I am teaching a little boy to read.
That is, I am hoping to teach a little boy to read.
The first sentence expresses what I envisioned when I signed up last spring to work as a volunteer tutor with young Latino students.
The second reflects reality.
These students are part of a literacy program run by the Outer Banks group Mano al Hermano. Translated culturally, the name means "My hand to my brother." Elementary school teachers contact the literacy program staff when they identify students who need some extra help.
I've worked with four students so far, all boys. Three of them are on the ball, buckling down smoothly to their work as soon as I walk into their modest but quite clean homes. Alan is a tougher case. He doesn't seem to be dyslexic or otherwise challenged; in fact, he shows signs of being quite smart. But reading comes hard to Alan. His parents give him encouragement, but since they can't read, they can't help him.
When I began working with Alan in March, I brought an alphabet sheet and a stack of cards with simple words written on them. I had visions of watching his excitement as he mastered the trick of deciphering small black marks on a printed page. I hoped to open an entire world to him.
I was quickly disabused of that notion. Alan spoke only a few words of English then, and our time together was mostly spent plodding through simple letter sounds as he squirmed in his seat.
The books assigned to him by his teacher were babyish. But neither did he seem interested in the dinosaur books I found at the local library, though he liked the pictures.
Should I try teaching him to read in Spanish? Or would that just complicate matters? We suffered through six weekly sessions, until a Tuesday afternoon in May when I arrived to find him speaking English.
He'd made friends with two English-speaking kids in his neighborhood. Between that and the skills he learned in school, something had clicked.
Buoyed by his progress, I doubled down on his work. His English had come with the abruptness of a light turning on. Might the same happen with reading? I visited the library and checked out easy, funny books like P.D. Eastman's Go Dog Go and Are You My Mother? As a child I had loved both of those.
Alan, however, did not. He would read a word or two but couldn't, or wouldn't, concentrate long enough to complete a sentence. He discovered that if he held out long enough, I'd read the words for him.
"Make it fun for him," the director of the literacy program kept urging me. "He may just suddenly start reading. I've seen it happen."
So I tried to lighten up.
The curriculum for this summer features three children's books about marine ecology, a great subject since we live on a string of islands. I've started reading to him from the books and talking with him about the ocean and seashore. One day I brought an ancient oyster shell six inches long. He fingered it and turned it over, examining it like treasure.
Another day, out of the blue, he asked, "What makes waves?"
"The wind blows them," I explained.
He looked puzzled.
I asked Alan's mom for a small dish with a little water in it. I put it on the table and asked him to blow across the water. "See those waves?" I asked. "That's what the wind does."
His face filled with wonder and understanding.
This week I took an alphabet sheet to Alan's house and went through it with him.

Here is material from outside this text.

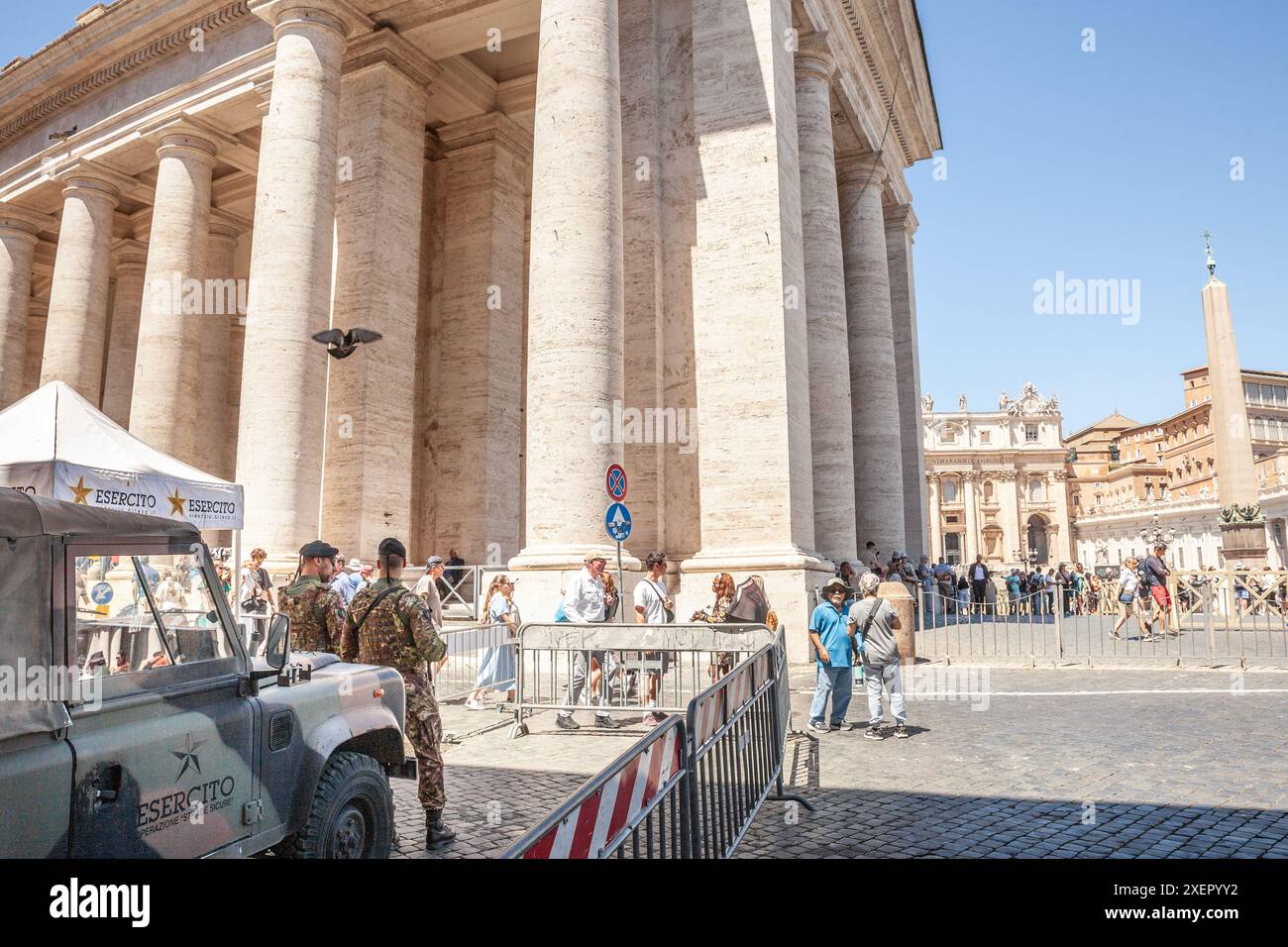 Bild von Soldaten in Uniform der italienischen Armee, die den vatikan in Rom beobachten. Dieses Bild zeigt italienische Soldaten, die vor dem Heiligen Wache stehen Stockfoto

We came up with several silly words and pinpointed the letters with which they begin. I watched as he relaxed. And when I pulled out my copy of Are You My Mother? he opened it and read a few words. He didn't manage a complete sentence, but he came close. It was almost as if he had realized what he was doing and remembered he couldn't. My breath caught: Has he been faking this?
I shook off the thought and started reading to him from a book about the salt marsh.
I hope Alan is learning to read, but I can't say for certain. I think my job now is to keep working with him and hope his skills will improve. I do know he will be much better off when school starts than he would have been without my help this summer. And my weekly presence sends a message to him and his family: You are important to this community. We want to help you reach your potential.
What have I learned from all this? I'm not sure I can articulate it all. I've been reminded in spades that this kind of service is painstaking labor and that its rewards can be incremental. I've found that when working with kids, fun often trumps strict discipline.
I've remembered, again, that I don't have all the answers and that I shouldn't give up on the people I try to help. And I've realized anew that while I may not be able to change Alan's--or anyone else's--life, week by week I can give him a nudge in the right direction.